* Assignment *
Your output should be the records below, word for word and picture-free.

%%

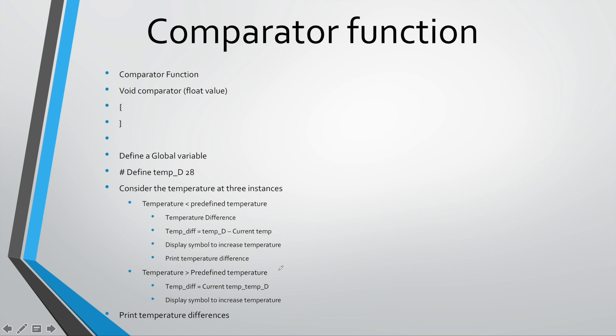Well the other one is if the temperature is greater than the predefined temperature. If the temperature is greater than the predefined temperature, we also need to find that difference. What is the difference? We need to print it to the screen. We also need to remember to print a symbol that will indicate, that will tell the user whether or not they need to increase the temperature or whether or not they need to decrease the temperature.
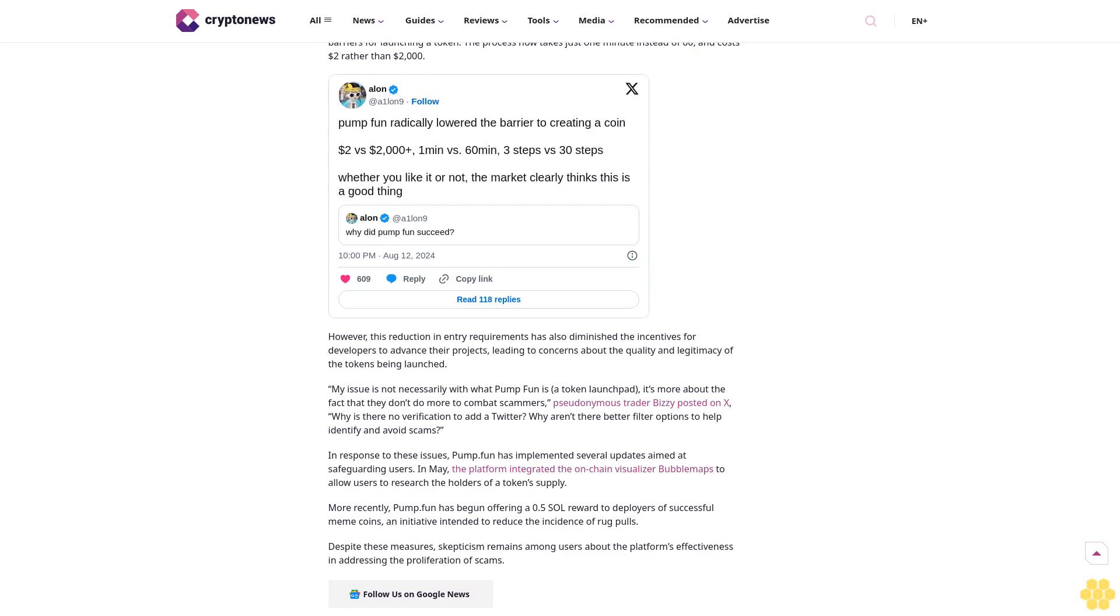Beyond the hype, pump.fun faces calls for greater accountability. Alon, the creator of pump.fun, highlighted that the platform has substantially lowered the barriers for launching a token. The process now takes just one minute instead of 60, and costs $2 rather than $2,000. However, this reduction in entry requirements has also diminished the incentives for developers to advance their projects, leading to concerns about the quality and legitimacy of the tokens being launched.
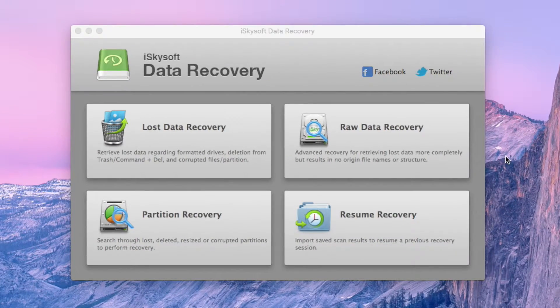Next we have to choose the Lost Data Recovery option from the main window interface. This option will help us restore some lost data on your external hard drive from accidental reformatting activity.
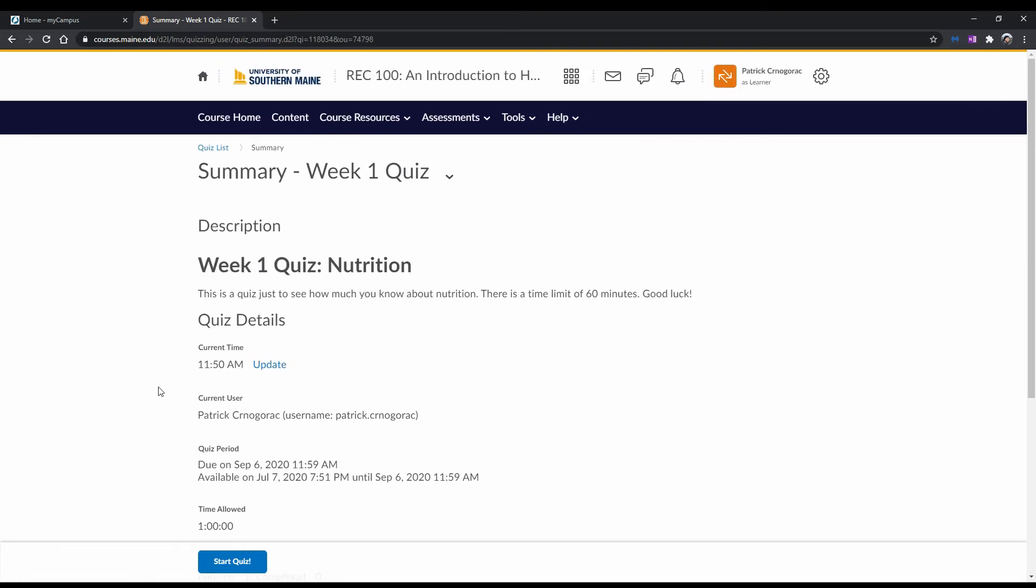Make sure to be aware of the time limits. Consider the total amount of time you have to complete your exam so that you can pace yourself accordingly. Also, take note that quizzes can include a variety of questions like multiple choice, short answer, essay, and or even mathematical questions.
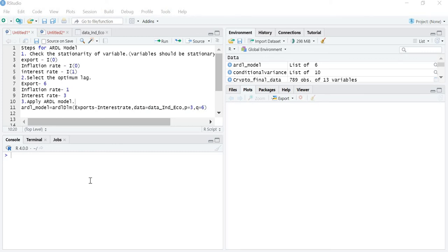Hello friends, today in this lecture we are going to learn how to apply the ARDL model.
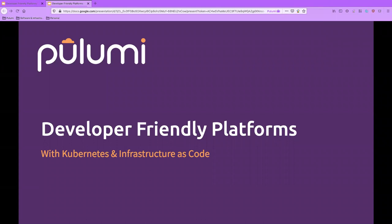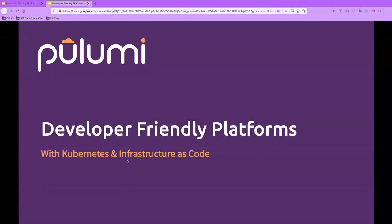Welcome to today's CNCF webinar on developer-friendly platforms with Kubernetes and infrastructure as code. My name is Jerry Fallon and I will be moderating today's webinar. Our presenter is Lee Briggs, staff software engineer at Pulumi. During the webinar, you are not able to talk as an attendee — there is a Q&A box at the bottom of your screen. Please drop your questions there and we'll get to as many as we can at the end.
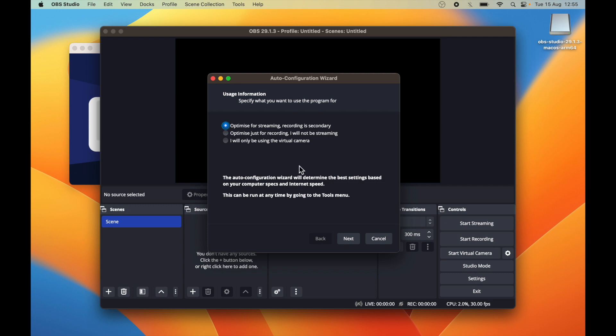It is giving me three options: you want to stream, you don't want to stream, or you just want to use the virtual camera. Probably we are not going to use the streaming part, so I will say optimized for recording, I will not be streaming. You can choose according to your preferences. Click next.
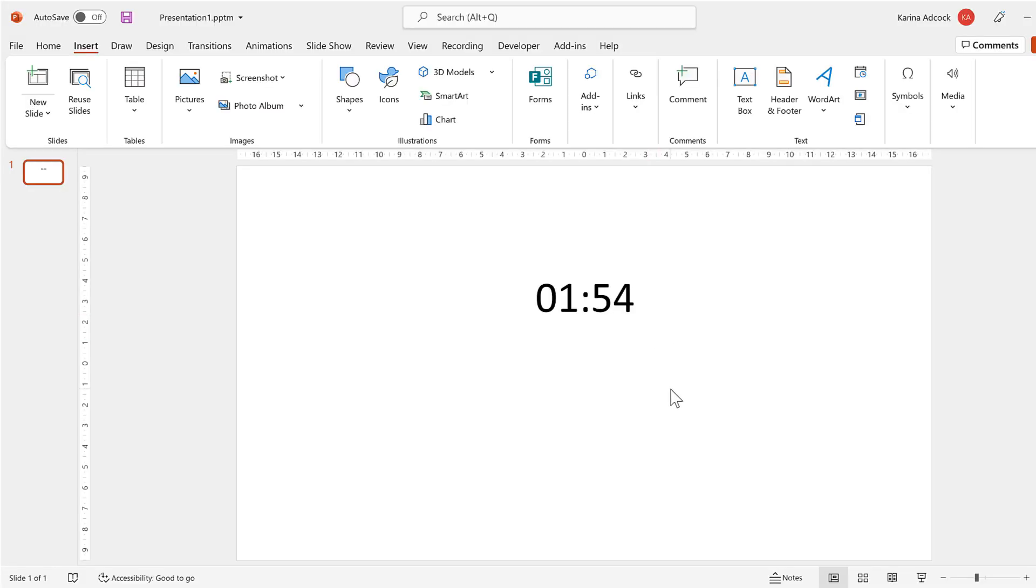Okay, so in this video I have shown you how to use VBA to make a countdown timer in a PowerPoint. And that is everything. Thank you.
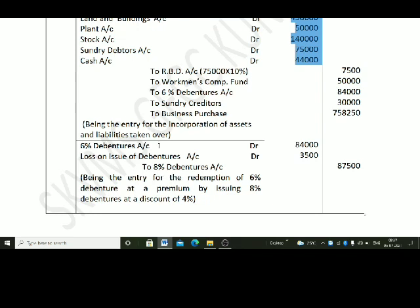The next entry is for the redemption of debentures. 6% debentures account debit Rs. 84,000 — this account must be closed. Since we are issuing 8% debentures at a 4% discount, there will be a loss on issue of debentures. The 8% debentures account is credited at Rs. 87,500 (face value), and loss on issue of debentures account is debited at Rs. 3,500.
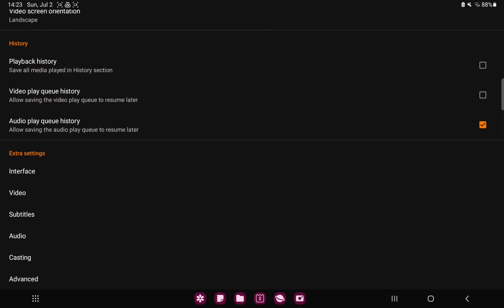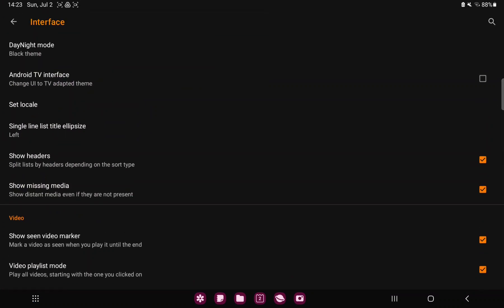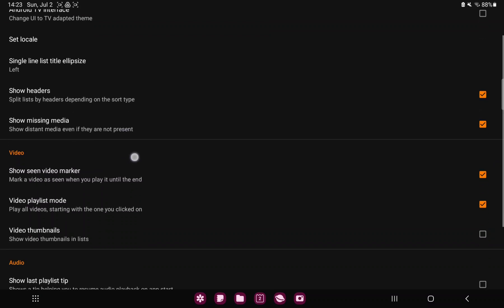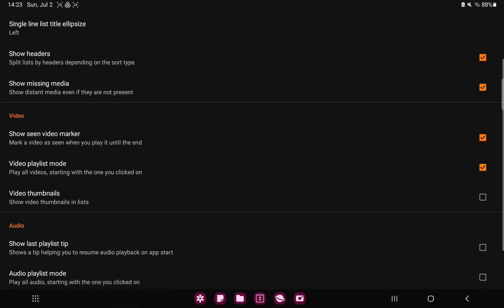Scroll down and in the extra settings section you can find the first option, the interface. In the videos section you can find the third option, the video thumbnails, show video thumbnails in list.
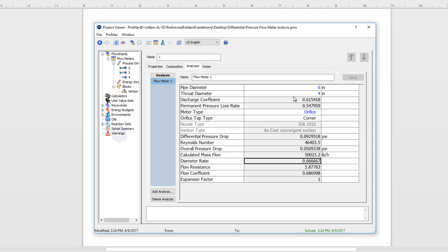Now this was for an existing meter size. If we wanted to, instead of giving it a meter size, find out what meter size would give us a particular pressure drop, that's one thing we could do.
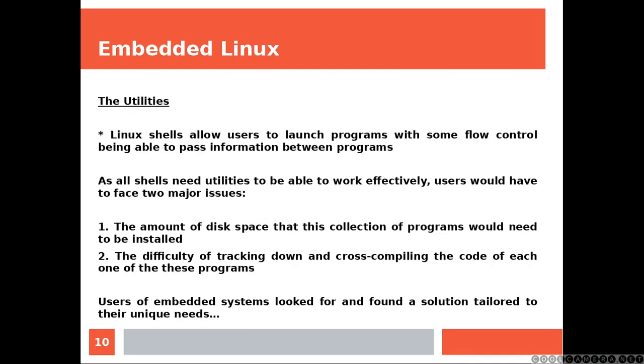Linux shells allow users to launch programs with some flow control being able to pass information between programs. As all shells need utilities to be able to work effectively, users would have to face two major issues. The amount of disk space that these collection of programs would need to be installed, and the difficulty of tracking down and cross compiling the code of each one of these programs. Users of embedded systems looked for and found a solution tailored to their unique needs.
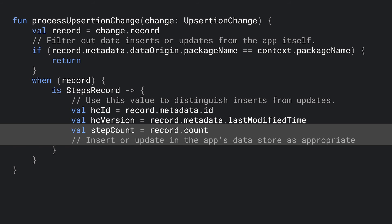Before we move on to some practical considerations, let's look at the changes themselves in a bit more depth. Each change will contain an ID in the metadata. You should store this ID in the record in your app's own database, as this will allow you to differentiate future updates from inserts.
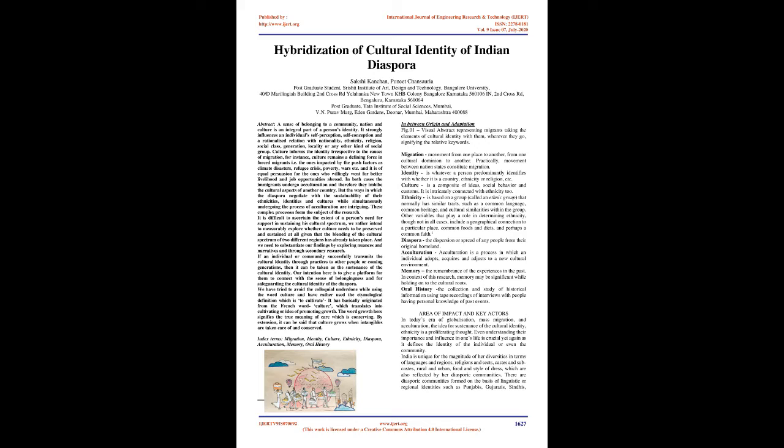India is unique for the magnitude of her diversities in terms of languages and regions, religions and sects, castes and subcastes, rural and urban, food and style of dress, which are also reflected by her diasporic communities. There are diasporic communities formed on the basis of linguistic or regional identities such as Punjabis, Gujaratis, Sindhis, Tamils, Malayali, and Telugus.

%%

* Your response *
Well the other one is if the temperature is greater than the predefined temperature. If the temperature is greater than the predefined temperature, we also need to find that difference. What is the difference? We need to print it to the screen. We also need to remember to print a symbol that will indicate, that will tell the user whether or not they need to increase the temperature or whether or not they need to decrease the temperature.
Beyond the hype, pump.fun faces calls for greater accountability. Alon, the creator of pump.fun, highlighted that the platform has substantially lowered the barriers for launching a token. The process now takes just one minute instead of 60, and costs $2 rather than $2,000. However, this reduction in entry requirements has also diminished the incentives for developers to advance their projects, leading to concerns about the quality and legitimacy of the tokens being launched.
Next we have to choose the Lost Data Recovery option from the main window interface. This option will help us restore some lost data on your external hard drive from accidental reformatting activity.
Make sure to be aware of the time limits. Consider the total amount of time you have to complete your exam so that you can pace yourself accordingly. Also, take note that quizzes can include a variety of questions like multiple choice, short answer, essay, and or even mathematical questions.
Hello friends, today in this lecture we are going to learn how to apply the ARDL model.
Welcome to today's CNCF webinar on developer-friendly platforms with Kubernetes and infrastructure as code. My name is Jerry Fallon and I will be moderating today's webinar. Our presenter is Lee Briggs, staff software engineer at Pulumi. During the webinar, you are not able to talk as an attendee — there is a Q&A box at the bottom of your screen. Please drop your questions there and we'll get to as many as we can at the end.
It is giving me three options: you want to stream, you don't want to stream, or you just want to use the virtual camera. Probably we are not going to use the streaming part, so I will say optimized for recording, I will not be streaming. You can choose according to your preferences. Click next.
Okay, so in this video I have shown you how to use VBA to make a countdown timer in a PowerPoint. And that is everything. Thank you.
The next entry is for the redemption of debentures. 6% debentures account debit Rs. 84,000 — this account must be closed. Since we are issuing 8% debentures at a 4% discount, there will be a loss on issue of debentures. The 8% debentures account is credited at Rs. 87,500 (face value), and loss on issue of debentures account is debited at Rs. 3,500.
Scroll down and in the extra settings section you can find the first option, the interface. In the videos section you can find the third option, the video thumbnails, show video thumbnails in list.
Now this was for an existing meter size. If we wanted to, instead of giving it a meter size, find out what meter size would give us a particular pressure drop, that's one thing we could do.
Linux shells allow users to launch programs with some flow control being able to pass information between programs. As all shells need utilities to be able to work effectively, users would have to face two major issues. The amount of disk space that these collection of programs would need to be installed, and the difficulty of tracking down and cross compiling the code of each one of these programs. Users of embedded systems looked for and found a solution tailored to their unique needs.
Before we move on to some practical considerations, let's look at the changes themselves in a bit more depth. Each change will contain an ID in the metadata. You should store this ID in the record in your app's own database, as this will allow you to differentiate future updates from inserts.
India is unique for the magnitude of her diversities in terms of languages and regions, religions and sects, castes and subcastes, rural and urban, food and style of dress, which are also reflected by her diasporic communities. There are diasporic communities formed on the basis of linguistic or regional identities such as Punjabis, Gujaratis, Sindhis, Tamils, Malayali, and Telugus.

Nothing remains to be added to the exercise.